Secondo i pubblici ministeri del caso, Crespi avrebbe aiutato la criminalità organizzata a comprare ed estorcere voti di preferenza per Zambetti in occasione delle elezioni regionali del 2010. Giuseppe Rossodivita, consigliere regionale della Lista Bonino-Pannella nel Lazio e avvocato difensore di Crespi insieme al collega milanese Marcello Elia, ha spiegato ai microfoni di Radio Radicale che l’accusa a carico del suo cliente si basa quasi esclusivamente sulle parole di un altro imputato intercettato nel corso delle indagini. Parole che non trovano però riscontro nei fatti: Crespi avrebbe raccolto centinaia di preferenze in due complessi residenziali gestiti dalla criminalità organizzata, ma l’analisi dei dati elettorali mostra chiaramente che i voti per Zambetti sono distribuiti in modo uniforme sul territorio milanese, poche unità in ogni sezione. Di più, le stesse intercettazioni suggeriscono che non ci fosse nessun tipo di rapporto tra Crespi e Zambetti e pare difficile credere che potessero commettere un crimine insieme senza neanche conoscersi. Nonostante ciò e nonostante il nulla assoluto emerso dalle intercettazioni del telefono dello stesso Crespi, il Tribunale del Riesame ha accolto in modo acritico le conclusioni dei pubblici ministeri e ha confermato la carcerazione preventiva. In Italia un cittadino può perdere la sua libertà per un semplice pettegolezzo, senza che esistano prove di colpevolezza.

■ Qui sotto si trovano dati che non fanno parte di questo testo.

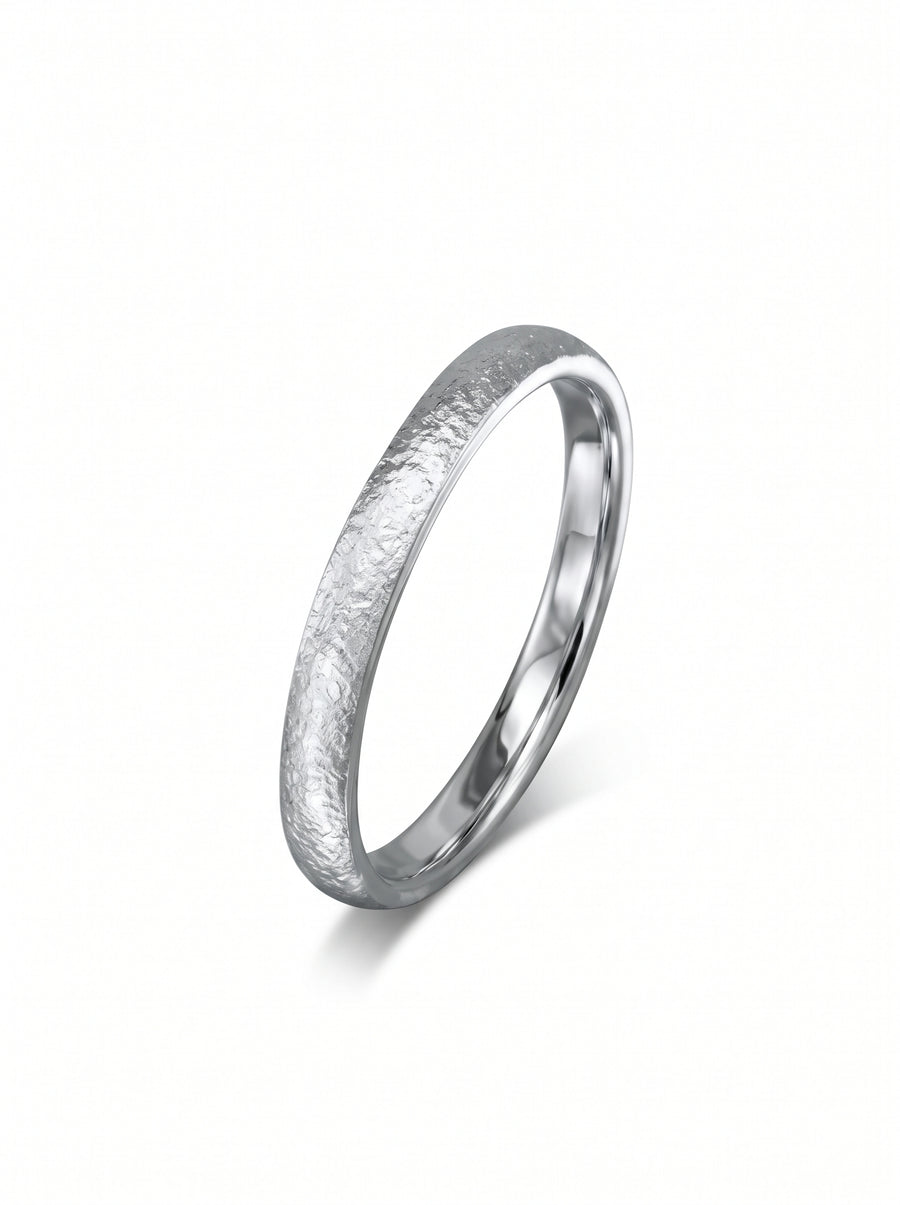 Silver textured court wedding band with a polished inner surface on a white background.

La deputata radicale Rita Bernardini ha parlato da subito di un nuovo caso Tortora, per l’autentica persecuzione giudiziaria che può colpire chiunque in qualunque momento, ma credo anche per la qualità umana di una persona come Crespi che, ben prima di sperimentare sulla propria pelle i mali della giustizia italiana, ha dato spazio sul giornale on line che dirige, Clandestinoweb, al dramma delle carceri. E noi radicali sappiamo bene quanto sono rari i professionisti dell’informazione sensibili a questi problemi. Ci sono poi analogie non superficiali nelle due vicende: in primo luogo vediamo come la necessità di contrastare la criminalità organizzata diventi troppo spesso il pretesto per violare impunemente i diritti dei cittadini, ad esempio utilizzando reati non previsti dal codice penale come il concorso esterno in associazione mafiosa o infliggendo ai detenuti la tortura vera e propria del 41 bis. Per non parlare dell’ergastolo ostativo, che si pone in aperta contraddizione con le previsioni dell’articolo 27 della Costituzione. E poi l’abuso della carcerazione preventiva, che da misura eccezionale si è progressivamente trasformata in una forma di pressione esercitata sull’imputato per indurlo a confessare o, peggio, in una pena anticipata, precedente al giudizio. Oggi in Italia i detenuti in attesa di giudizio sono più del 40%, parliamo di almeno 26.000 persone che non hanno subito una condanna definitiva eppure stanno già scontando una pena. Quanti di questi risulteranno poi innocenti alla fine dei tre gradi di giudizio? Secondo le statistiche del Ministero della Giustizia, ben 13.000, la metà esatta.

Ambrogio Crespi, diversamente da altri detenuti meno fortunati, può almeno contare sul sostegno attivo dei suoi cari: il fratello Luigi sta conducendo un duro sciopero della fame e ha allestito un sito Internet, www.ambrogiocrespi.it, su cui è possibile seguire gli sviluppi della vicenda giudiziaria giorno per giorno e anche firmare una petizione che chiede l’immediata scarcerazione di Ambrogio; alcuni suoi amici hanno preso parte giovedì scorso al presidio radicale davanti al carcere di Opera; Rita Bernardini, in una delle sue rare apparizioni televisive, ha citato il suo caso come un esempio dei molti mali della giustizia italiana. Questi sforzi non sembrano però ancora sufficienti a rompere il muro di silenzio che circonda la realtà del sistema penale italiano e che i radicali, spesso da soli, denunciano in ogni sede”.